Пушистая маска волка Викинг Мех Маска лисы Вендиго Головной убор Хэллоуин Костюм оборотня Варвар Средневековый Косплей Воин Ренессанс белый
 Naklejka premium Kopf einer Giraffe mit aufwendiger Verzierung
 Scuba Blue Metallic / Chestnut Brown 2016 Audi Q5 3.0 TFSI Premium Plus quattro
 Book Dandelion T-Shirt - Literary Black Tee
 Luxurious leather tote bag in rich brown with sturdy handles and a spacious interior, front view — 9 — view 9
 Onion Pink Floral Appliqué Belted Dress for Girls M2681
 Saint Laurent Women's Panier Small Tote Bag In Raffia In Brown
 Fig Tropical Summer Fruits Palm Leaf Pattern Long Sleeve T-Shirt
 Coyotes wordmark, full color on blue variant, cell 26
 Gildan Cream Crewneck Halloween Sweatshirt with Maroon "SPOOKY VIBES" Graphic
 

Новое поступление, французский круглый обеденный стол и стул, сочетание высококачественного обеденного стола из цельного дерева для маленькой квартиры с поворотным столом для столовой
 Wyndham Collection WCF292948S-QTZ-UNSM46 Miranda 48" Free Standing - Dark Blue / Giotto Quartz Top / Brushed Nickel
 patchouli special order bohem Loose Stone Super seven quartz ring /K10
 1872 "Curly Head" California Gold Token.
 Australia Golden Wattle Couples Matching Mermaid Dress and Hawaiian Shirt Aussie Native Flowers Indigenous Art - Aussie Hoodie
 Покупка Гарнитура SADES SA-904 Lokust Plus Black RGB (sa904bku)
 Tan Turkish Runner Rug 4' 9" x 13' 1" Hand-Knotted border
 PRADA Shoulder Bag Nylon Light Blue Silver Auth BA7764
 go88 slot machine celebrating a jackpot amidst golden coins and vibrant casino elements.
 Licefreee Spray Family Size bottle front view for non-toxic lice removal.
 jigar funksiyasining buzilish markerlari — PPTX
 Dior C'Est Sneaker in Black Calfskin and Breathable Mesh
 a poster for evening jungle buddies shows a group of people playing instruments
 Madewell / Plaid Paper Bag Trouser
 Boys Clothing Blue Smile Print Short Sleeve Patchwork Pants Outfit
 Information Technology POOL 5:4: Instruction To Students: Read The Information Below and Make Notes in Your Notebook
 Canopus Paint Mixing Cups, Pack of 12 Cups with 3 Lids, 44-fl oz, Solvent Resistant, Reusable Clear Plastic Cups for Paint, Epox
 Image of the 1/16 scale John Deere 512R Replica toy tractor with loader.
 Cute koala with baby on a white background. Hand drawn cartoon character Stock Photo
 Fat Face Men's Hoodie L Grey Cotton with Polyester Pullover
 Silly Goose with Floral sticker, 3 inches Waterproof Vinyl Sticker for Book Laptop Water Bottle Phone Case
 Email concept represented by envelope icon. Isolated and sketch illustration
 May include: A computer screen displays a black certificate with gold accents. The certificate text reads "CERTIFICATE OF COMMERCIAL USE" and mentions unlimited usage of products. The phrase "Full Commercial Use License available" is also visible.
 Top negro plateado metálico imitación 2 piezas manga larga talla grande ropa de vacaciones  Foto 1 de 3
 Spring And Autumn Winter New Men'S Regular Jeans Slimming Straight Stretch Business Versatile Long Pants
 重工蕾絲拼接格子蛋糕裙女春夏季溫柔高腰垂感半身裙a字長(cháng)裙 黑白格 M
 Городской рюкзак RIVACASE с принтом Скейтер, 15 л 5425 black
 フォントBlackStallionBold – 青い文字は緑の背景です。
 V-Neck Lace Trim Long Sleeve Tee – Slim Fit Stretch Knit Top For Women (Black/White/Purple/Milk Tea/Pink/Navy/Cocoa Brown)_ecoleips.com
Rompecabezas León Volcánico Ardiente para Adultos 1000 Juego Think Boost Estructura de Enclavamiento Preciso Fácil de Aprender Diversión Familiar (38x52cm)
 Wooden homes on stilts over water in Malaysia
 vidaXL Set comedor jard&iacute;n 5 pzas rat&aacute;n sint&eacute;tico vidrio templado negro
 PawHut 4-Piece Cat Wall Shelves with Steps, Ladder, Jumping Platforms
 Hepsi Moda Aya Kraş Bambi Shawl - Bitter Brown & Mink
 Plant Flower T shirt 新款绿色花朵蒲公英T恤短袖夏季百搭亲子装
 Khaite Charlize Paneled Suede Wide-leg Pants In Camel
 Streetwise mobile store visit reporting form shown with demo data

☆ ☆ ☆

ACTION ITEM — Write down, word for word, the lines above from the one containing "Cute koala with" through the one containing "Email concept represented", both ends included.

SOLUTION FOR THIS PROBLEM —
 Cute koala with baby on a white background. Hand drawn cartoon character Stock Photo
 Fat Face Men's Hoodie L Grey Cotton with Polyester Pullover
 Silly Goose with Floral sticker, 3 inches Waterproof Vinyl Sticker for Book Laptop Water Bottle Phone Case
 Email concept represented by envelope icon. Isolated and sketch illustration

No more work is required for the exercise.